Vlak vóór de dag dat de rechter zijn zaak wil behandelen, neemt de gemeente contact met hem op. Zij vertelt hem dat de Groene Kaart in de gemeente onherroepelijk is geworden. Dit betekent dat voor de boom geen vergunning meer nodig is. De heer Pietersen trekt daarop zijn beroep in. De rechtszaak is volgens hem nu niet zinvol meer. Hij vraagt vervolgens aan de gemeente de boom alsnog te kappen. De gemeente laat hem weten dit niet te doen. De gemeente erkent dat de boom geen optimale groeiplaats heeft. Het belang om de boom te behouden vindt zij echter belangrijker. Er is ook geen absolute noodzaak de boom te kappen. Daarnaast wil de gemeente vasthouden aan haar besluit naar aanleiding van het bezwaarschrift. De heer Pietersen dient daarop een klacht in bij de gemeente. Ook wil hij dat de gemeente het griffierecht vergoedt. De gemeente vindt zijn klachten niet terecht. De heer Pietersen wendt zich vervolgens tot de Nationale ombudsman. Bij de ombudsman klaagt hij ook over de manier waarop de gemeente zijn klachten heeft behandeld.

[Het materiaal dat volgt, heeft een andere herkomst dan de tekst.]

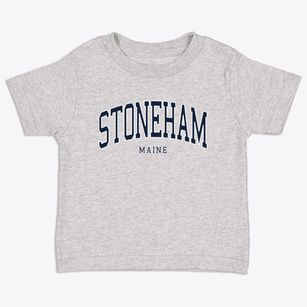 Stoneham Maine Traditional Toddler T-Shirt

Het besluit om de boom wel of niet te kappen is aan de gemeente. Daar gaat de Nationale ombudsman niet over. Wel keek de ombudsman of de gemeente voldoende uitlegde waarom zij de boom wil behouden. De ombudsman vindt de uitleg van de gemeente voldoende. De gemeente stuurde de heer Pietersen namelijk een duidelijk en uitgebreid schriftelijk antwoord op zijn verzoek. Daarin legde zij uit welke belangen er speelden. Ook de mate van overlast en schade door de boom noemde de gemeente daarbij. Ook legde de gemeente uit wat zij uiteindelijk het belangrijkste vindt en waarom. Tenslotte heeft de gemeente toegelicht hoe haar standpunt past binnen haar eigen bomenbeleid.
De Nationale ombudsman vindt het verder behoorlijk dat de gemeente het griffierecht niet vergoedde. De heer Pietersen trok namelijk zelf zijn beroep in.
Daarnaast vindt de ombudsman dat de gemeente de klachten zorgvuldig behandelde. De gemeente keek goed naar de klachten. Ook volgde zij de juiste procedure om deze te behandelen. De gemeente stelde de heer Pietersen verder in de gelegenheid zijn klachten toe te lichten. Tenslotte legde de gemeente haar oordeel over de klachten voldoende uit.